In 2018, when Democrats flipped four New Jersey House seats and won control of the U.S. House, a key ingredient to the party’s success was fundraising. Democratic challengers running in longtime Republican districts raised millions upon millions of dollars, creating a “green wave” that helped propel them to victory.
This year, as Republicans hope to regain control of the House, the inverse hasn’t really been true. Republican candidates haven’t outraised their Democratic opponents in any seats except the two they already control, and in some potentially competitive races, Democrats have built up colossal financial advantages.
Two of the Republican candidates who have been most starkly outraised, however, said today that they aren’t daunted by the flood of money their opponents have unleashed.
“[Rep.] Mikie Sherrill has more resources than me, but let’s look at what she’s done,” former Assistant Passaic County Prosecutor and 11th district nominee Paul DeGroot said today following a joint press conference with other Republican congressional candidates. “People in this district are hurting… No matter what resources she has, she has to be confronted with the things that she has failed to do.”
As of the most recent fundraising report, Sherrill had $3.4 million in the bank, while DeGroot had just $279,000, much of which came from self-funding.

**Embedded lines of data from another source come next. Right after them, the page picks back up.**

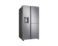 Samsung 806L Net Capacity Side-by-Side Refrigerator With Water Dispenser, Silver, RS80T5190SL - International Specs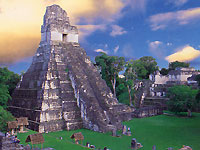 pyramide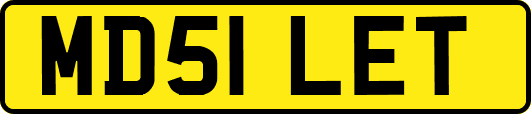 MD51LET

That disparity has allowed Sherrill to hit the TV airwaves uncontested with three consecutive ads, while DeGroot has relied instead on more analog campaign methods like mailers and doorknocking.

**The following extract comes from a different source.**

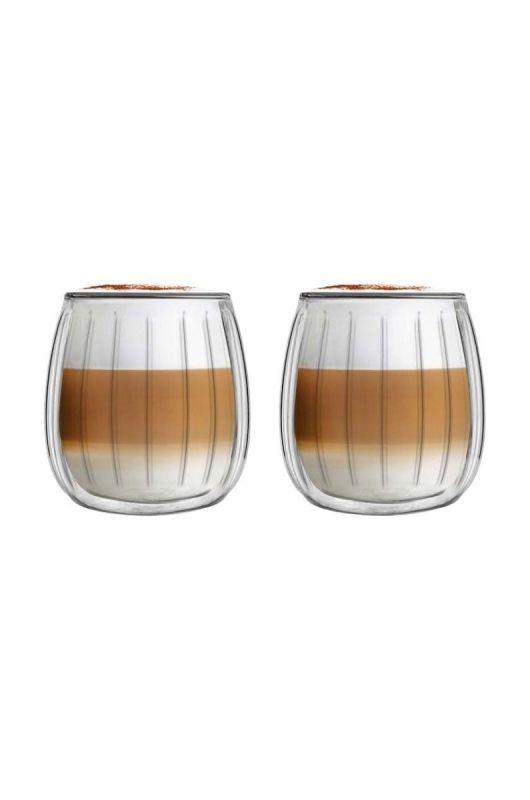 Набір склянок Vialli Design 2-pack колір барвистий (2869244)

“How can I blunt her? I am out everywhere,” DeGroot said. “On a Saturday or a Sunday, I’m campaigning 10 to 12 hours a day… Paul DeGroot is everywhere. Mikie Sherrill is not. She comes in and she comes out – she leaves.”
Next door in the 5th congressional district, former investment banker Frank Pallotta faces Rep. Josh Gottheimer (D-Wyckoff), dubbed the Human Fundraising Machine for his prodigious money-raising abilities. Though Pallotta hasn’t deployed many of the personal resources that fueled his unsuccessful 2020 campaign against Gottheimer, he said he’s got the more compelling message.
“At the end of the day, you need three M’s: money, the message, and the messenger,” Pallotta said. “I absolutely think that Republicans have a better message. I feel as though I’m the better messenger. Josh clearly has more money – he’s going to need it.”
Pallotta also indicated that he may deploy some of his own money in the race’s final stretch, which could go a long way towards evening the disparity with Gottheimer. Gottheimer’s most recent fundraising report listed him as having a gigantic $14 million war chest compared to Pallotta’s $171,000, and Pallotta has yet to air any ads on TV.
“We’re going to have the money we need to get the message out,” Pallotta said. “I have put money in the campaign; I’ll put more in the campaign. We’ll put forth what we need to put forth to get the message out.”